La distribución normal o más conocida como la campana de Gauss, representa las probabilidades de distribución de una variable continua y se utiliza en estadística para describir cómo los hechos observados se distribuyen. Algunas investigaciones están basadas en una “normalidad” más o menos justificada de la variable objeto de estudio.
La imaginación, esa bendita herramienta que algunas veces ponemos en marcha, nos distribuye a 100 humanos en una isla por un período de un año donde, además, hay 100 paquetes que contienen, cada uno de ellos, todo lo necesario para la supervivencia cómoda de una persona en ese tiempo. ¿Qué pensaríamos si una sola de ellas tuviera 82 paquetes y quedara el resto para todos los demás? ¿Estaríamos tal vez en una secuela de El juego del calamar?
Si quisiéramos representar la distribución “normal” de la acumulación de ese sujeto con sus 82 paquetes, los otros 99 tendrían que distribuirse los 18 fardos restantes. Quizá el individuo acumulador los dejó porque ya no tendría manos invisibles para llevarse más o por caridad con sus semejantes. Pero esto es un criterio económico, que aparece ya en el padre fundador y liberal Adam Smith y, por tanto, también moral.
Siguiendo con nuestra campana, ésta no nos saldría muy normal, estaría achatada y estadísticamente nos diría que hay un elemento de distorsión que se dispersa (alta desviación típica) de las posiciones del conjunto.
En nuestro planeta existen más de 7.000 millones de habitantes y resulta que un 1% acumuló el 82% de la riqueza del mundo en una año (Oxfam). Es decir, en la Tierra, no en una isla imaginaria, existen poco más de 70 millones, una población similar a la de Reino Unido o Tailandia, que se quedaron con cuatro quintos de la riqueza global y un quinto quedó para el resto (7.000 millones de humanos).
El desequilibrio de esta realidad es tan grande que podemos seguir imaginando que habría que tomar decisiones tajantes y amargas. Y lo que conduciría a una distribución más uniforme es la desaparición que causa tanta asimetría y anormalidad, característica propia de la riqueza: que no existan los ricos, como afirma el filósofo alemán Christian Neuhäuser. Aunque provoque cierto temor, y lo entendemos, a ese 1%. Lo dulce es genético, como diría Wagensberg y es más primitivo que lo amargo, necesitado de un proceso cultural.

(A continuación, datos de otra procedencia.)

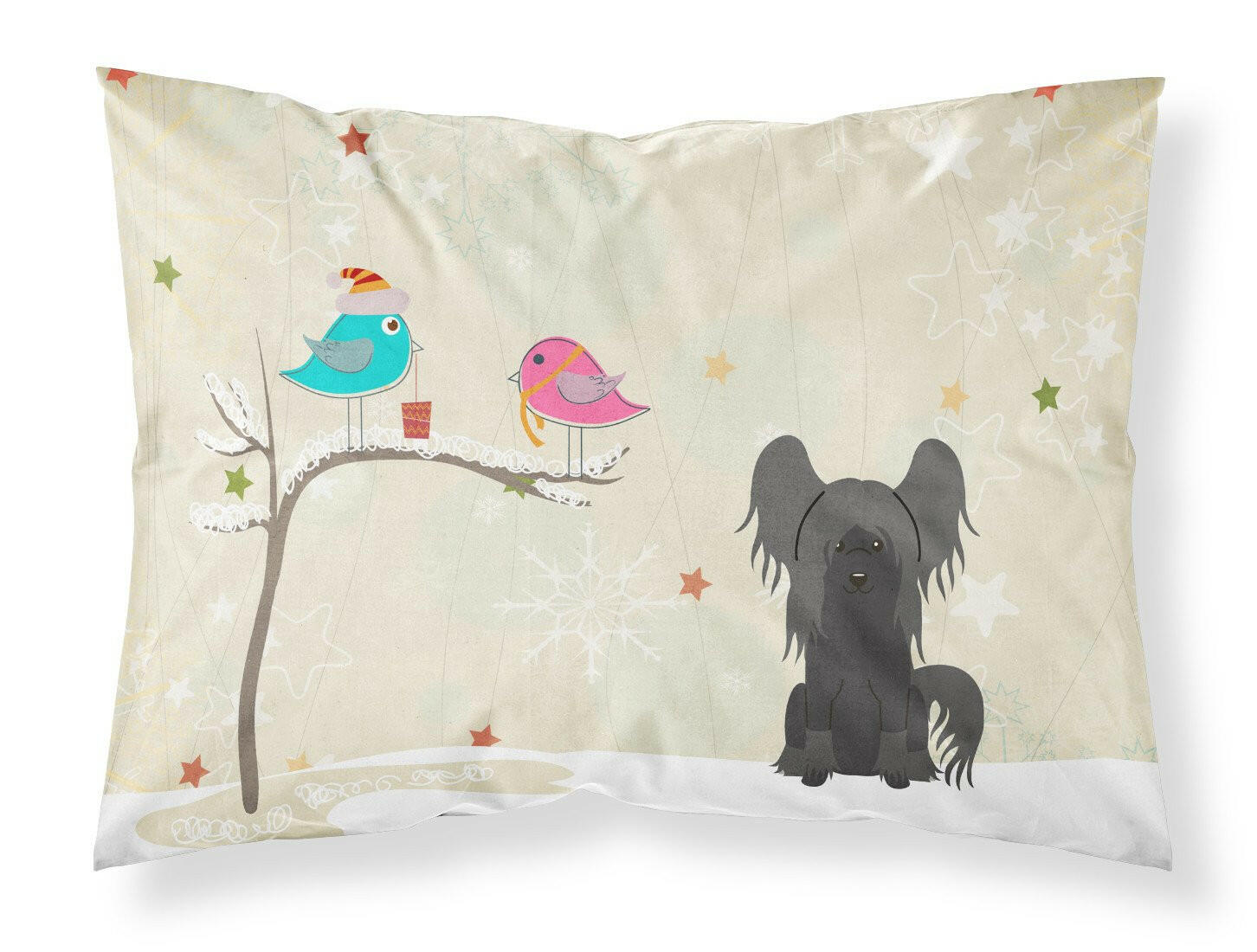 Christmas Presents between Friends Chinese Crested - Black Standard Pillowcase Lightweight Super Soft Easy Care Decorative Artwork Pillowcase, Standard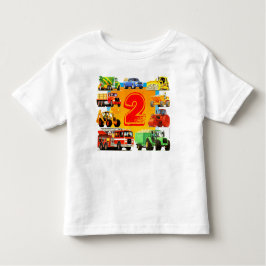 Camiseta Infantil Caminhão de Construção de segundo aniversário de M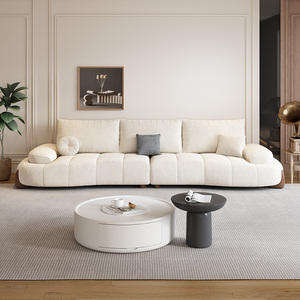 Modular White <b>Set</b> with Thick Sponge Filled Cushions and Smooth Upholstered Surface for Simple Contemporary Decor - Product Image 1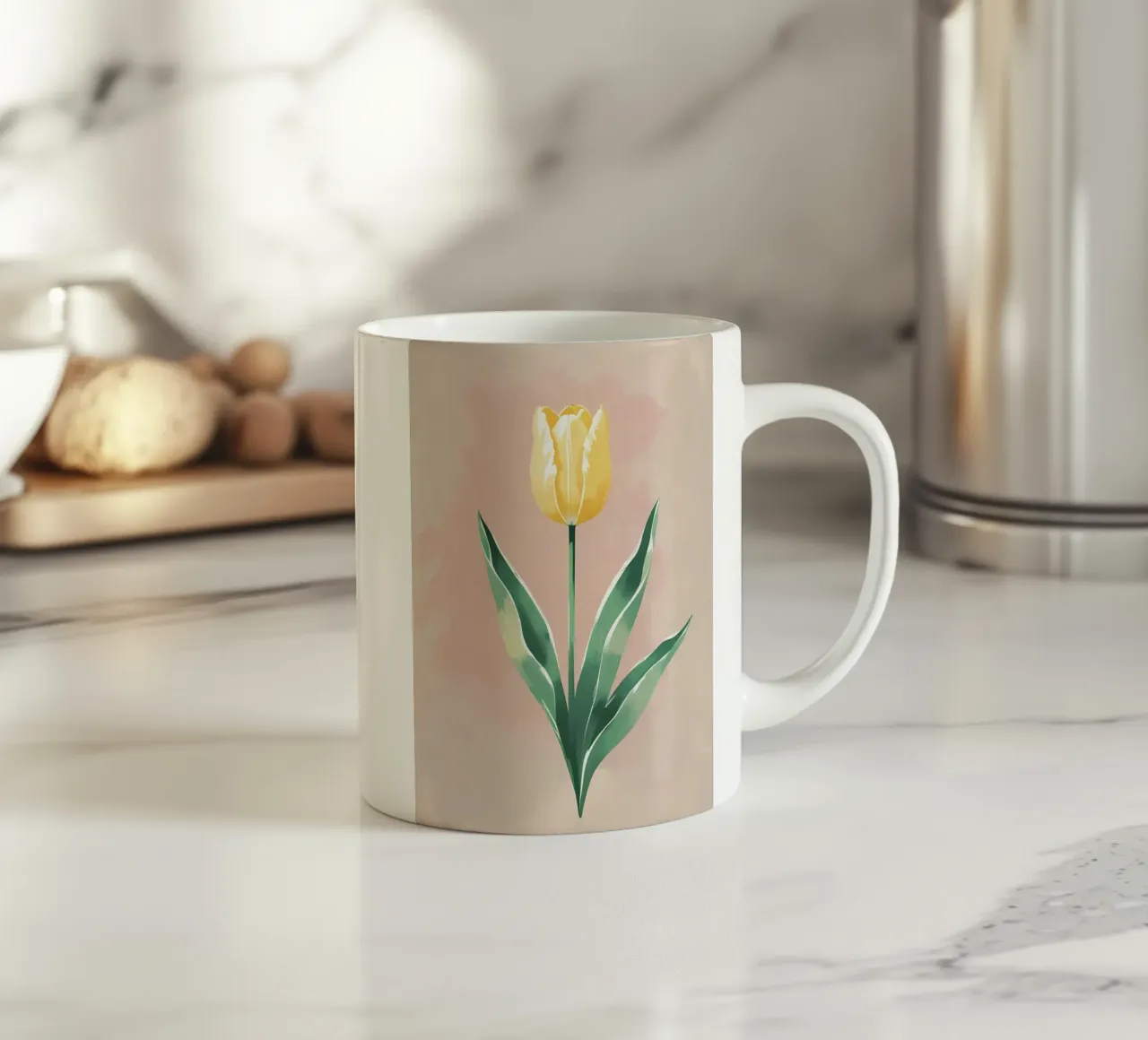 Tulipe jaune en fleurs - Peinture aquarelle douce de printemps mug en céramique de Bloom And Brush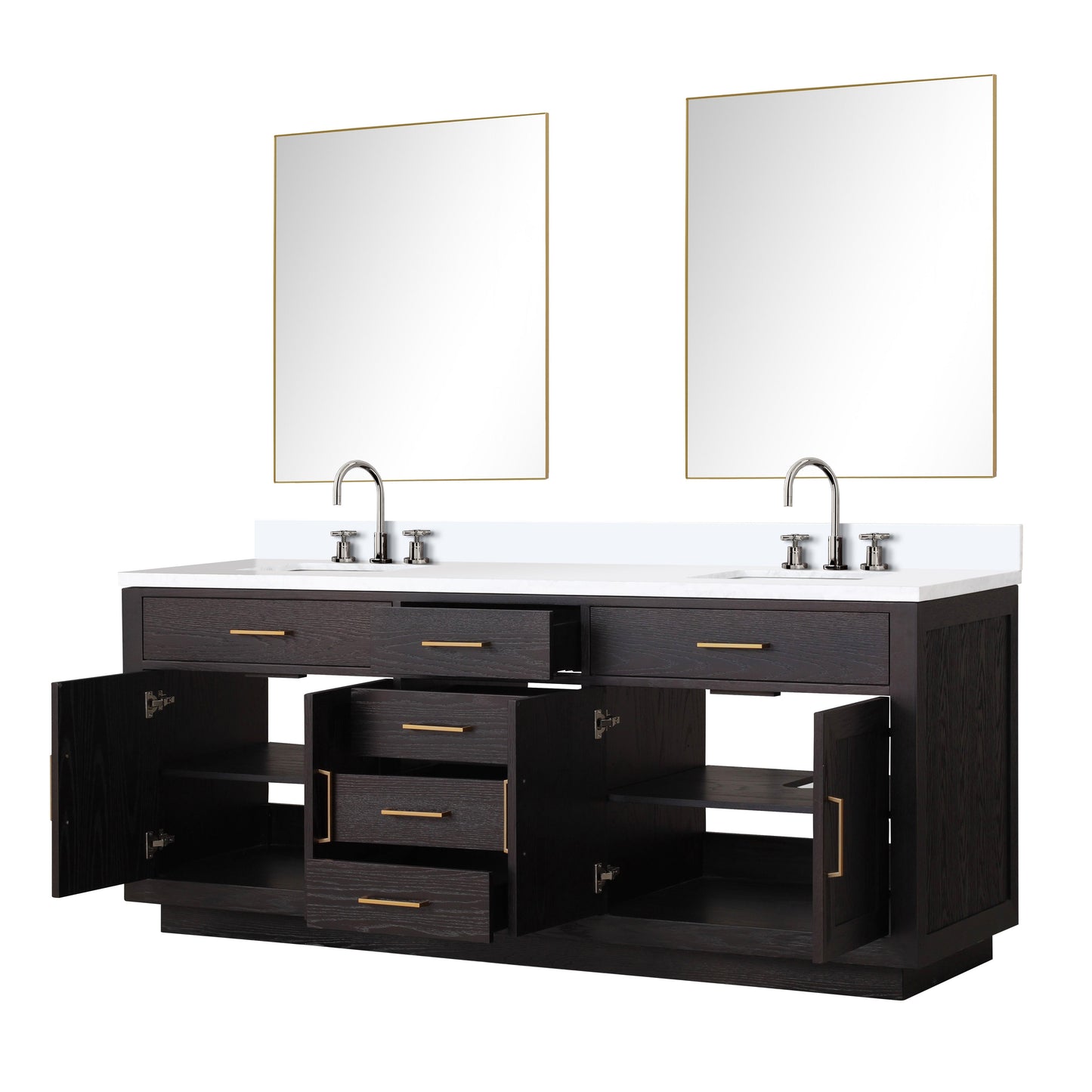 Abbey 80 in W x 22 in D Black Oak Double Bath Vanity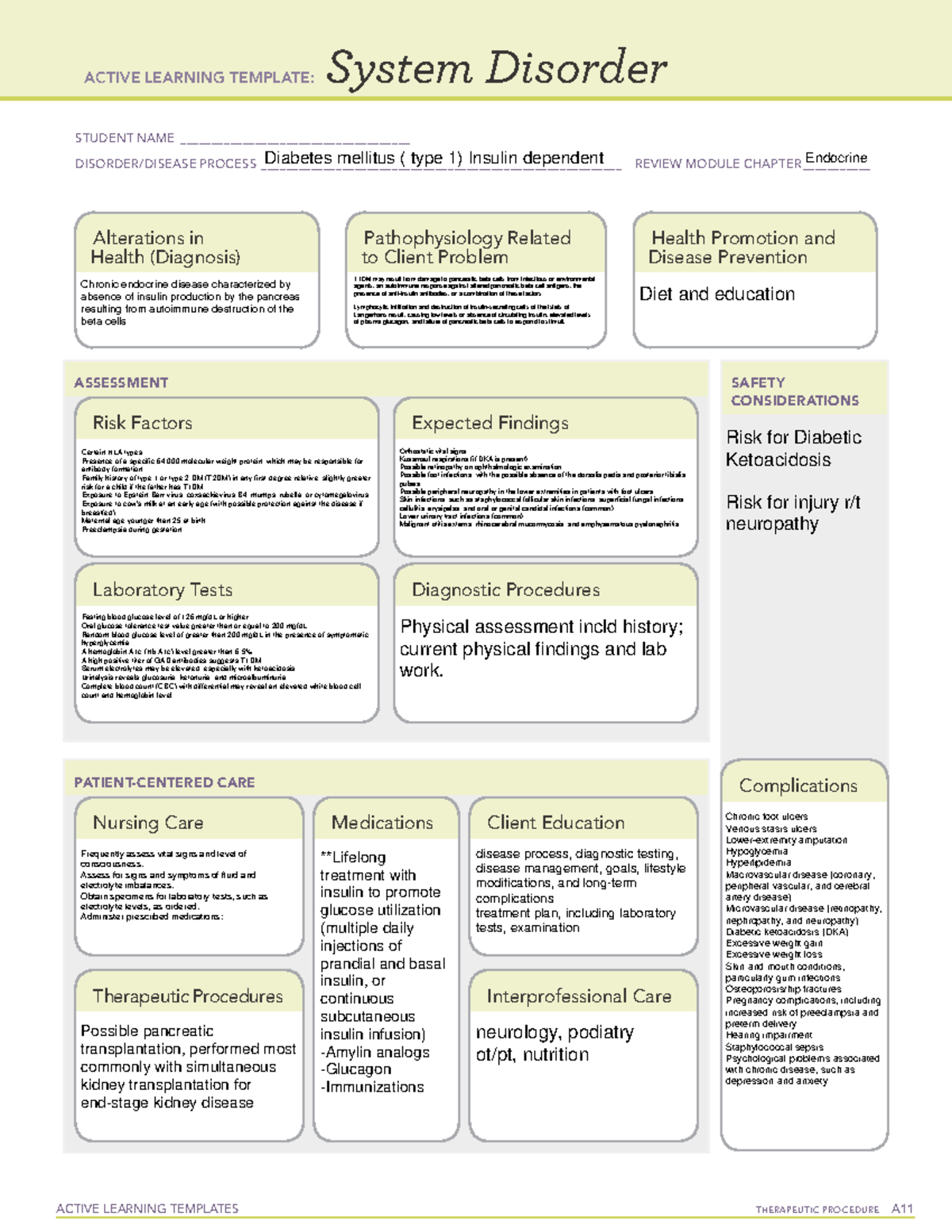 Diabetes T 1DM - ####### ACTIVE LEARNING TEMPLATES THERAPEUTIC ...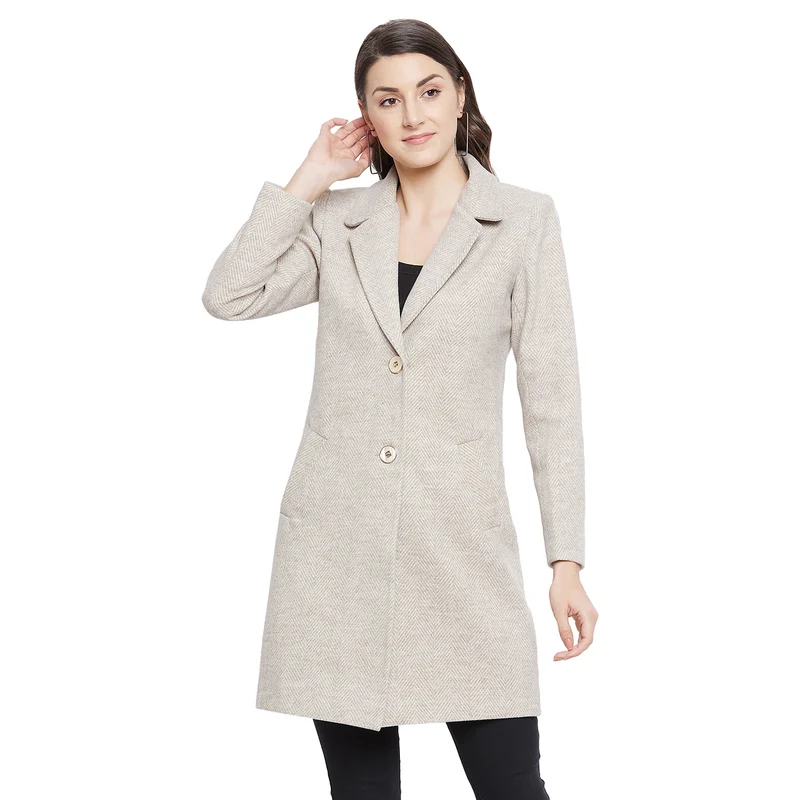 Duke Stardust Women Full Sleeve Coat (SDZ6731) Fawn / L / Harringbone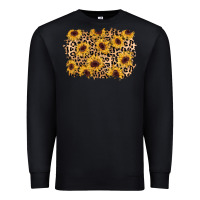 Black sunflower leopard background Premium Sweatshirt - AdoDesignShop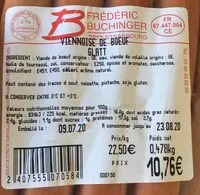 Mängden socker i Viennoise de boeuf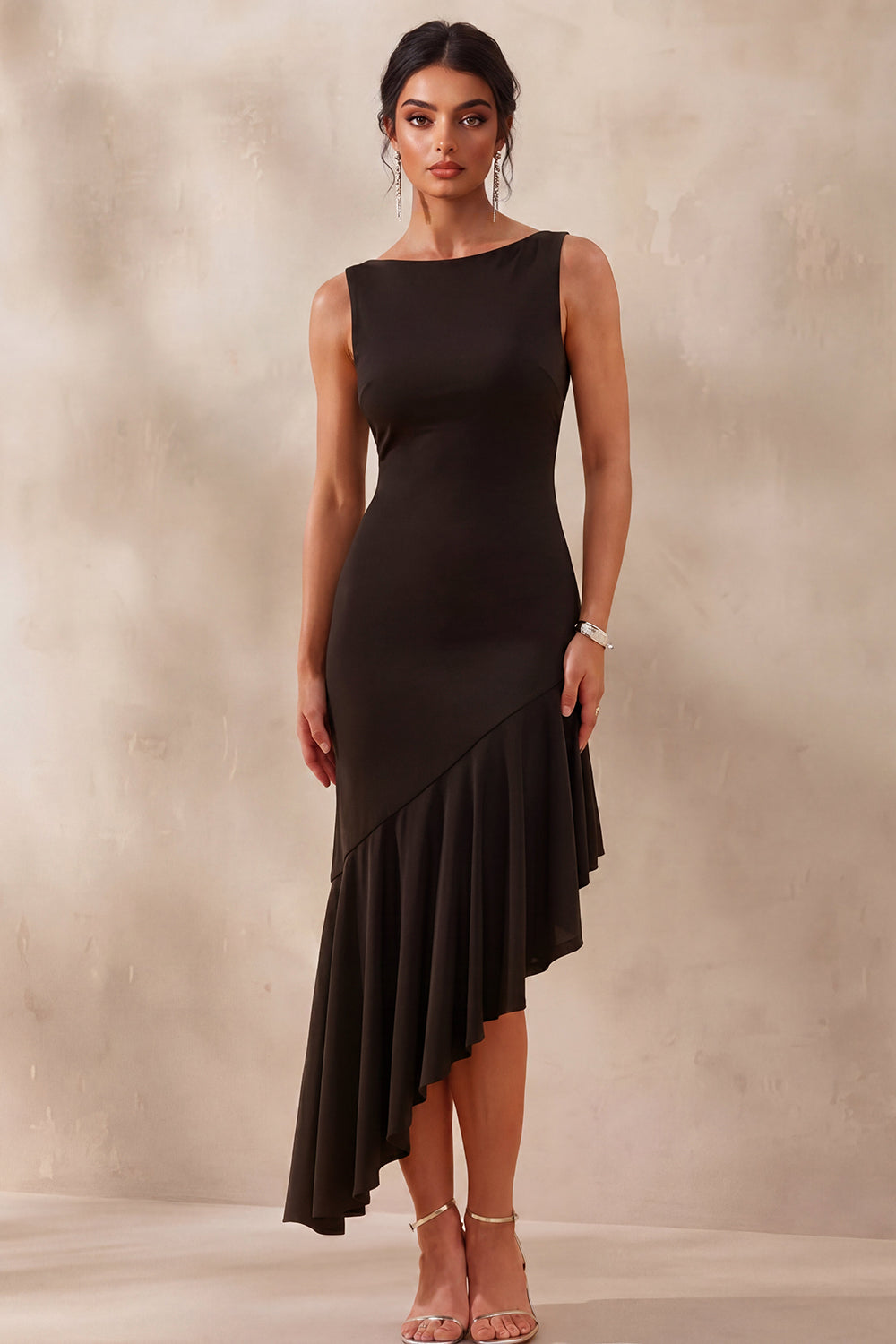 Zapakasa Women Asymmetrical Black Tie Dress with Ruffles Boat Neck Mermaid Satin Formal Dress Zapakasa Women Asymmetrical Black Tie Dress with Ruffles Boat Neck Mermaid Satin Formal Dress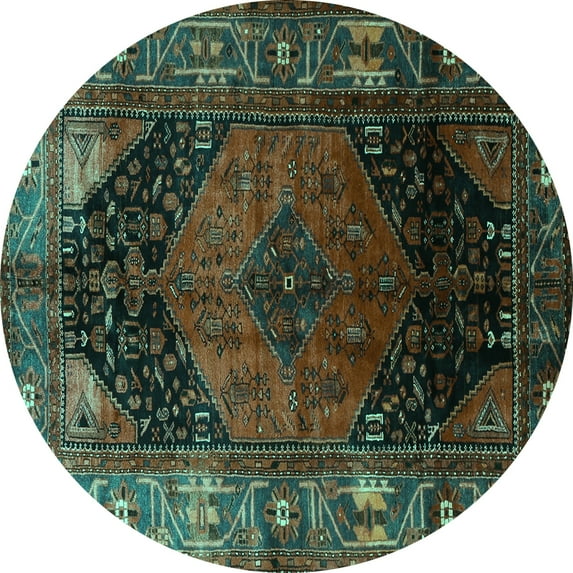 Ahgly Company Indoor Round Persian Turquoise Blue Traditional Area Rugs, 8' Round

La economista Kate Raworth y su conocida Economía del Donut iría por esta senda, ya que argumenta que se requiere un mínimo de condiciones sociales para TODAS las personas que les permita existir dentro de la esponjosidad del donut, y no una mayoría abocada a pelear por la migajas por unos pocos zampabollos (el otro límite del bollo se refiere a la sostenibilidad ambiental de las acciones).
¿Imaginamos sólo seguir jugando al calamar y que los de casi siempre sigan en sus islas, desgraciadamente poco imaginarias, de opresión, poder e injusticia?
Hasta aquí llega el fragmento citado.